Nearly two decades ago, Dan Emery launched the Nashville-based Anti-Corporate Music, which has released its share of punk and metal albums by acts like Dwarves, Sky Burial and In Ruins. In recent years, the label has dropped music from dark Americana act Lost Dog Street Band and its singer, Benjamin Tod. Emery's latest recording, which drops Friday, November 6, is with Denver's own Johno Leeroy Roberts, who fronts the local country act Hang Rounders.
Emery, who’s also a recording engineer, had thought for years about laying down tracks outside, capturing sounds of crickets and cicadas during summertime, as a way to close an album. But while mowing the lawn last summer, he took his idea a step further: He would record an entire series of albums outdoors.
About two months ago, Emery started moving quickly on the idea, dubbing the series "The Magnolia Sessions," since the artists were recorded near a towering old magnolia tree. In addition to close-miking the artists, Emery used homemade binaural microphones, installed in the ears of a mannequin, to capture the crickets, cicadas and ambience of the South in the summer, creating a 3-D effect.
“The way that the human head is shaped, the way that your ears are positioned...and the fact that you have a torso that reflects sounds — it all plays into how you perceive sound, location-wise,” Emery explains. “So you can hear a sound and say, ‘Okay, well, that's like, you know, forty feet ahead of me to the right just a little bit, or you might hear something like, ‘Oh, wow, that's flying directly over my head from left to right and slightly behind me.’”
So far, Anti-Corp has released albums by troubadours Matt Heckler, who launched the Magnolia Sessions in September, and Jason Dea West; Emery hopes to release at least twelve albums. Casper Allen, a Texas singer-songwriter now based in Colorado, will also release an album as part of the Magnolia Sessions as well.
Roberts went back to his home town of Nashville about a month ago to work with Emery on recording songs written on his front porch in Colorado. Many were based on moving here from Nashville sixteen years ago, what he misses about his home state, and starting a new life here.
“A lot of it is just a lot of synchronicities between both locations going on,” Roberts says. "In the writing of the songs, a lot of it is based on my transition moving to Colorado and what I miss about Tennessee, and what I like about living here, what brought me here, the struggles along the way of getting here, loss of friends, substances, and everything that comes along with that.”
While Roberts says his songs with the Hang Rounders are brutally honest honky-tonk tunes that deal with him making bad Saturday night decisions and dealing with the repercussions the following Monday, his solo material is more somber. They reflect on how having children has changed his life.
“I can't stay out doing cocaine until morning, because I have to wake up at six and take the kids to school,” he says. “A lot of the songs come from that — a lot more of me opening up and admitting my faults or the way I've treated my wife in the past, of not being around whenever I should have just been at home.”

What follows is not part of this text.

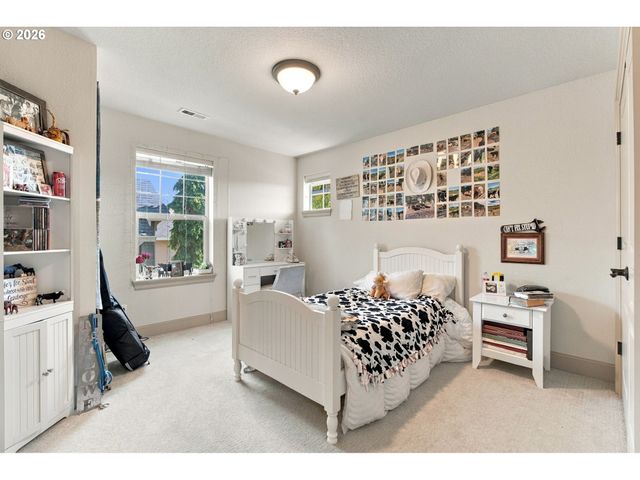 39583 WALL St, Sandy, OR 97055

Roberts, who says Guy Clark is one of his favorite songwriters, also put solo acoustic versions of two Hang Rounders songs on his Magnolia Sessions album, including “Growing Up in the South.”

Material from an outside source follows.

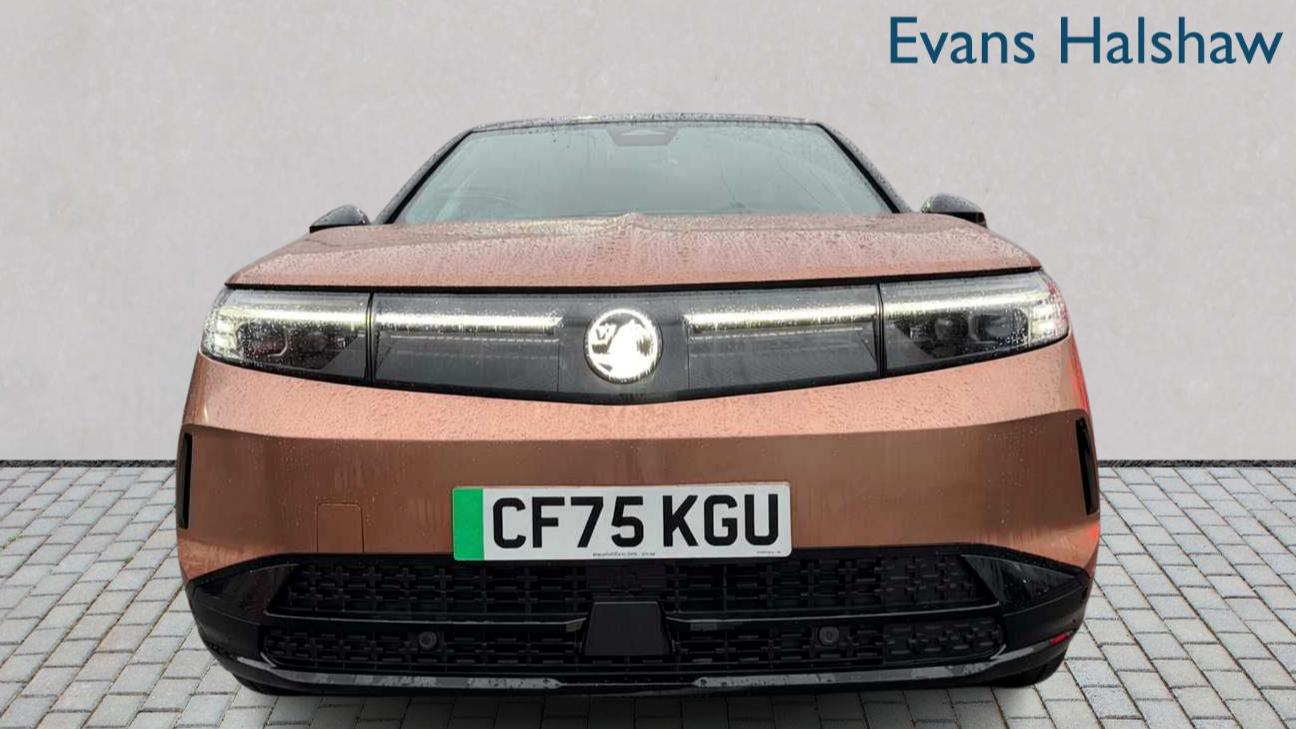 Used Vauxhall Grandland for sale - 77860755: Photo 3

“That song was probably one of the first real heartfelt songs I ever wrote,” Roberts says. “And it still rings true. It's basically the whole story of my life growing up with a single mom. And it tackles the way that we always had Christmas. That absolutely blows my mind to think about how the hell she pulled through all that stuff. It tackles my dad going to jail for being a rapist when I was two years old. And then it goes into being at the location when my best friend was shot in the head and having to deal with heroin being involved and him getting shot, [and me] not knowing to call 911 because I was too fucked up.”

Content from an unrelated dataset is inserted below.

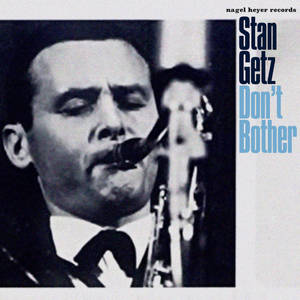 爵士色士風手 Stan Getz 在復古專輯封面上閉眼演奏。 — 音樂 GIF 壁紙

Roberts says he recorded a solo version of “Growing Up in the South” because fans had told him they just wanted to hear him singing the song so they could “focus more on that without hearing a ripping pedal steel solo behind it or something. It just kind of opens it up to a little bit more interpretation from the listener.”
Roberts got involved with the recording project through Tod, who he grew up with, and Heckler, who suggested to Emery that he be part of the Magnolia Sessions. Roberts was fascinated by how the recordings sounded when he listened to Heckler’s album; he says he could hear a bird land on a tree branch in the recording: “If your eyes are closed, you could pinpoint where it was coming from."
The songs were recorded in the dark, under the magnolia tree. He played an 1860s acoustic Gibson tenor guitar while Emery recorded from the studio about 150 yards away.
“It definitely puts a sense of intimacy that you don't get from a traditional studio recording,” Emery says. “With the atmosphere and just the outside noises, it really conveys that there's no trickery going on. ... You hear things like the cicadas going crazy in a tree. You know it happened in that moment; it wasn't something that we hodgepodged together.”